Hakim Abu Ali Mansur commenced his reign, according to Moslem historians, with much wisdom, but afterwards acquired a reputation for impiety, cruelty, and unreasoning extravagance, by which he has been rendered odious to posterity. He is said to have had at the same time “courage and boldness, cowardice and timorousness, a love for learning and vindictiveness towards the learned, an inclination to righteousness and a disposition to slay the righteous.” He also arrogated to himself divinity, and commanded his subjects to rise at the mention of his name in the congregational prayers, an edict which was obeyed even in the holy cities, Mecca and Medina. He is most famous in connection with the Druses, a sect which he founded and which still holds him in veneration and believes in his future return to the earth. He had made himself obnoxious to all classes of his subjects when, in the year 397 a.h., he nearly lost his throne by foreign invasion.

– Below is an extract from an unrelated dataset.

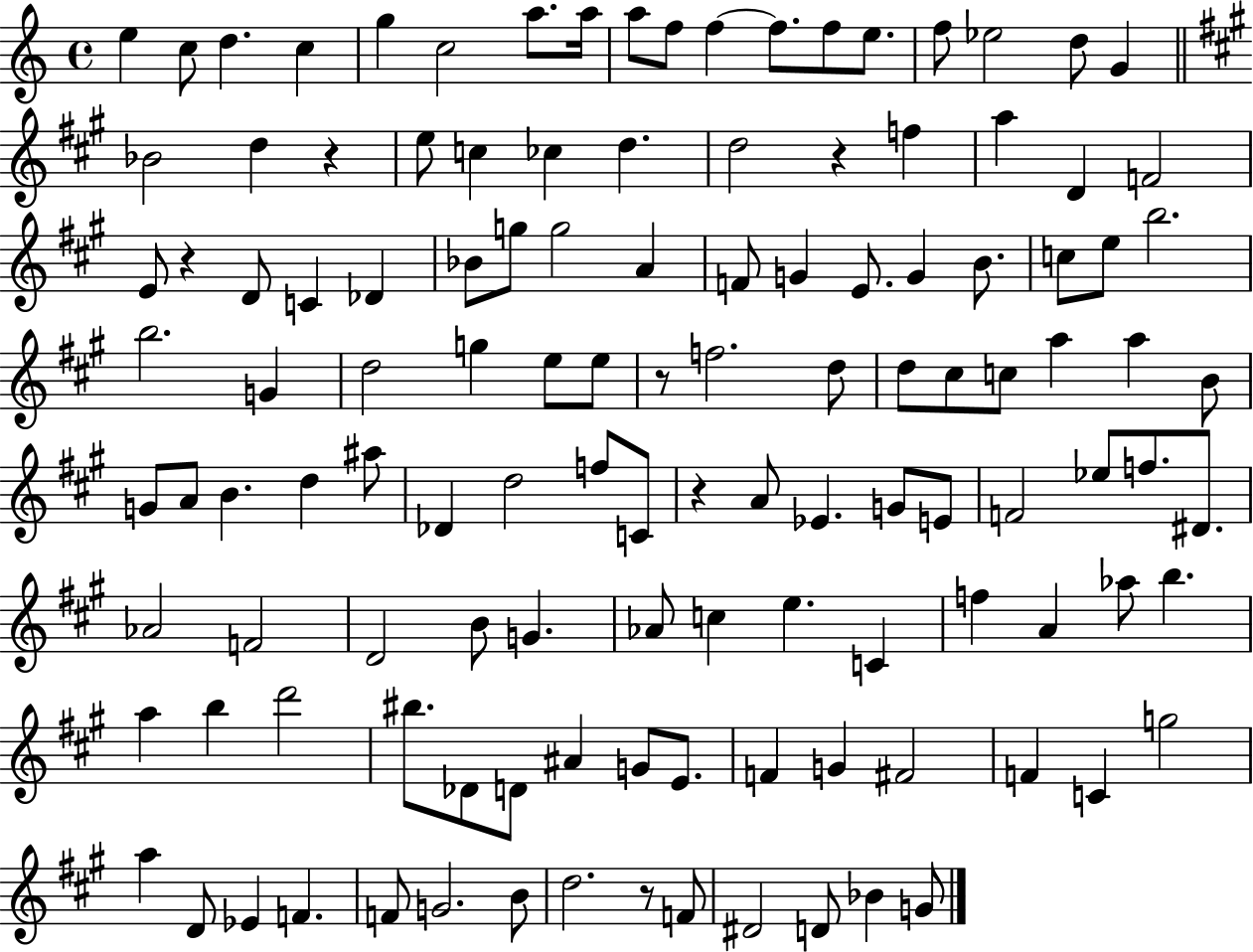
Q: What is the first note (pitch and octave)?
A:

[Illustration: 379.jpg MOSQUE OF HAKIM]
Hisham, surnamed Abu-Rekweh, a descendant of the house of Ommaya in Spain, took the province of Barca with a considerable force and subdued Upper Egypt. The caliph, aware of his danger, immediately collected his troops from every quarter of the kingdom, and marched against the invaders, whom, after severe fighting, he defeated and put to flight. Hisham himself was taken prisoner, paraded in Cairo with every aggravation of cruelty, and put to death. Hakim having thus by vigorous measures averted this danger, Egypt continued to groan under his tyranny until the year 411 a.h., when he fell by domestic treachery. His sister Sitt el-Mulk had, in common with the rest of his subjects, incurred his displeasure; and, being fearful for her life, she secretly and by night concerted measures with the emir Saif ed-Dowlah, chief of the guard, who very readily agreed to her plans. Ten slaves, bribed by five hundred dinars each ($1,260), having received their instructions, went forth on the appointed day to the desert tract southward of Cairo, where Hakim, unattended, was in the habit of riding, and waylaid him near the village of Helwan, where they put him to death.
Within a week Hakim’s son Ali had been raised to the caliphate with the title of Dhahir, at the command of Sitt el-Mulk. As Dhahir was only eighteen years old, and in no way educated for the government, Sitt el-Mulk took the reins of government, and was soon looked upon as the instigator of Hakim’s death. This suspicion was strengthened by the fact that his sister had the heir to the throne—who was at that time governor of Aleppo—murdered, and also the chief who had conspired with her in assassinating Hakim. She survived her brother for about four years, but the actual ruler was the Vizier Ali el-Jar jar.